T.C. ADANA BAM 9. HUKUK DAİRESİ
T.C.
ADANA
BÖLGE ADLİYE MAHKEMESİ
9. HUKUK DAİRESİ
DOSYA NO : 2021/187
KARAR NO : 2023/1158
KARAR TARİHİ : 01/12/2023
T Ü R K M İ L L E T İ A D I N A
B Ö L G E A D L İ Y E M A H K E M E S İ K A R A R I
BAŞKAN : … (…)
ÜYE : … (…)
ÜYE : … (…)
KATİP : … (…)
İNCELENEN KARARIN
MAHKEMESİ : … ASLİYE TİCARET MAHKEMESİ
TARİHİ : xx/xx/2020
NUMARASI : 2017/… Esas, 2020/… Karar
DAVACI :… -…: …
VEKİLLERİ : Av. …
Av. …
Av. …:
Av. …
DAVALI :… …
VEKİLİ : Av. …:
DAVANIN KONUSU : Menfi Tespitten Dönüşen İstirdat
İSTİNAF KARARININ
KARAR TARİHİ : 01/12/2023
YAZIM TARİHİ : 01/12/2023
… Asliye Ticaret Mahkemesi’nin xx/xx/2020 tarih ve 2017/… Esas, 2020/… Karar sayılı kararı aleyhine istinaf başvurusunda bulunulmuş olup, istinaf talebinin süresi içinde yapıldığı, başvuru şartlarının yerine getirilmiş olduğu ve istinafa başvuru koşullarının mevcut olduğu dosya üzerinde yapılan ön inceleme sonucu anlaşılmakla yapılan istinaf incelemesi sonucunda;
İDDİALARIN ÖZETİ :
Davacı vekilinin dava dilekçesinde özetle; müvekkili tarafından keşide edilen muhatap bankası Vakıfbank A.Ş. Sahil … şubesi 000… keşide tarihi 15/07/2017, meblağı 6.000 TL olan, keşidecisi … muhatap bankası Vakıfbank A.Ş. Sahil … Şubesi çek numarası 000… keşide tarihi 30/07/2017 meblağı 5.200.TL, keşidecisi … muhatap bankası Vakıfbank A.Ş. Sahil … Şubesi çek numarası 000… keşide tarihi 15/08/2017 meblağı 3.500 TL olan, keşidecisi … muhatap bankası Vakıfbank A.Ş Sahil … Şubesi çek numarası 000… keşide tarihi 31/08/2017 meblağı 4.000 TL olan 4 adet çekten dolayı müvekkilinin borçlu olmadığını, müvekkilinin … ilçesi … Mahallesinde işlettiği piknik ve mesire alanındaki işletmesinde kullanılmak üzere ambalaj malzemesi teslimi karşılığında müvekkili tarafından davalıya verildiğini, davalı tarafın ambalaj malzemelerini bu güne kadar teslim etmediğini, müvekkilinin mağdur olduğunu, bu durumun davalının da sebepsiz zenginleşmesine neden olacağını beyan ederek dava konusu 4 adet çekten dolayı müvekkilinin borçlu olmadığını tayin ve tespiti ile çeklerin iptaline, davalı tarafça muhatap bankaya ibrazı halinde işleme alınmaması ve karşılığının ödenmemesi yönünden ihtiyati tedbir tesis edilmesine, davaya konu çeklerin icra takibine konu edilmesi halinde telafisi imkansız zararlar doğacağından İİK’nin 72/2 maddesi uyarınca icra takibine konu edilmesinin ihtiyati tedbir yolu ile durdurulmasına karar verilmesine talep etmiştir.

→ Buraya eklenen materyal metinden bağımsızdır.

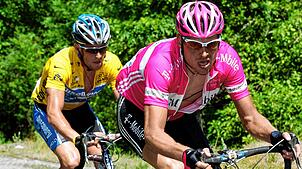 Jan Ullrich und Lance Armstrong, hier bei der Tour de France von 2005, werden am Wochenende in Bad Dürrheim erwartet. Ullrich will ...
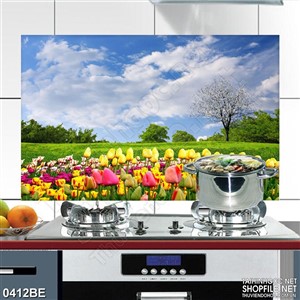 Tranh treo bếp cánh đồng hoa tulip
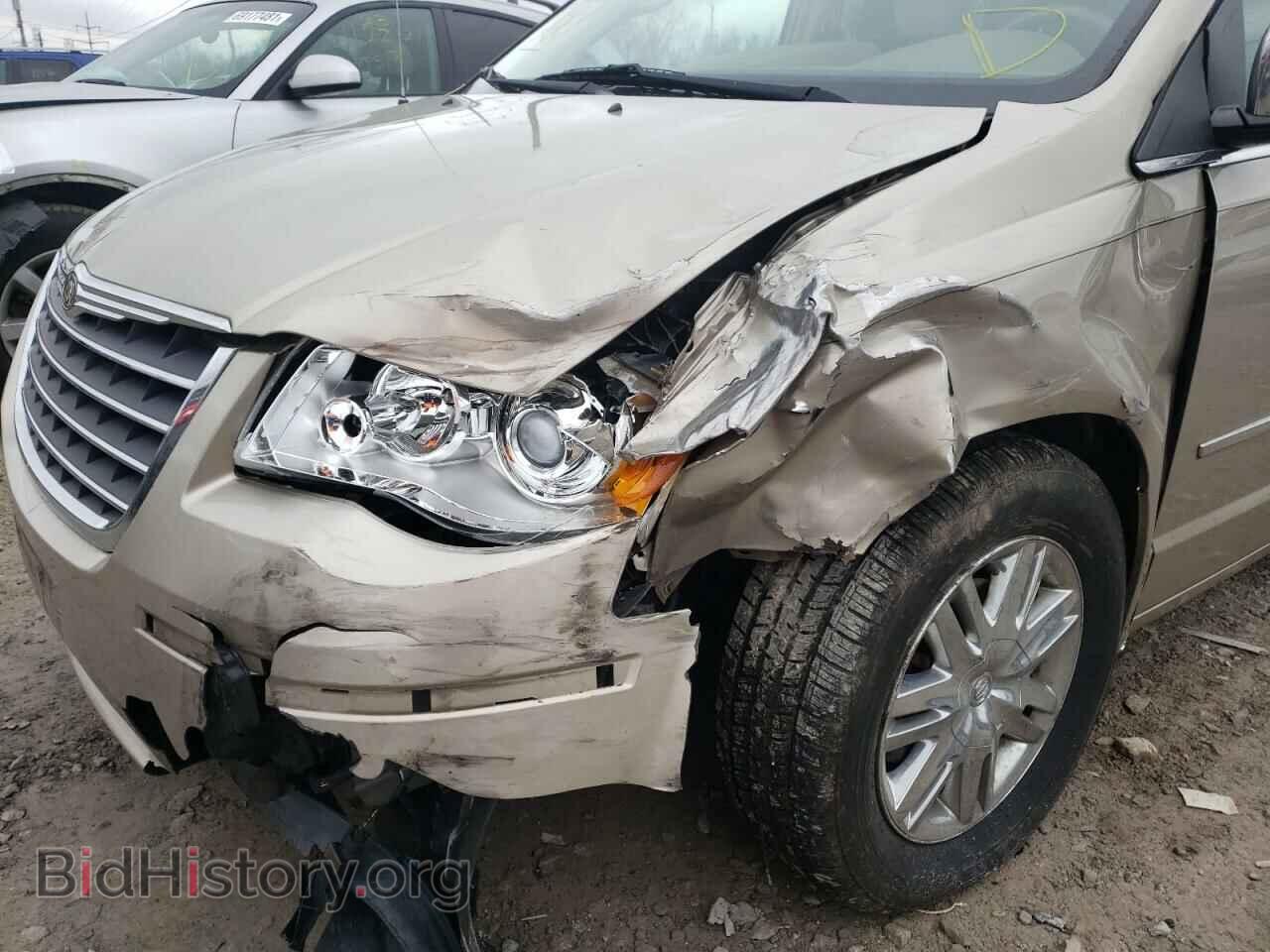 2008 CHRYSLER MINIVAN - VIN: 2A8HR64X58R661195 - Фото 9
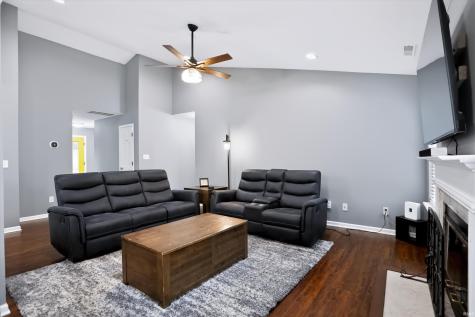 4846 Oakleigh Parkway Greenwood IN 46143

Davalı vekili cevap dilekçesinde özetle; müvekkili şirketin davacıya ambalaj malzemesi sattığını ve bedelini davacının keşidecisi olduğu toplamda 18.700,00 TL değerinde 4 adet çek ile tahsil ettiğini, bahse konu çeklerin davacıdan teslim alındıktan sonra yine müvekkili şirketin başkaca alışveriş yaptığı müşterilerine çekleri ciro etmek suretiyle teslim edildiğini, davacı tarafın ambalaj malzemelerinin kendisine teslim edilmediği iddiasının doğru olmadığını, davacının bizzat kendisine imzası karşılığında teslim edildiğini, faturaları ibraz ettiklerini, bununda malların davacıya teslim edildiğine dair ispata yeterli olduğunu, davacının kötü niyetli olup müvekkili aleyhinde haksız ve yersiz şekilde açılan davanın reddine karar verilmesini talep etmiştir.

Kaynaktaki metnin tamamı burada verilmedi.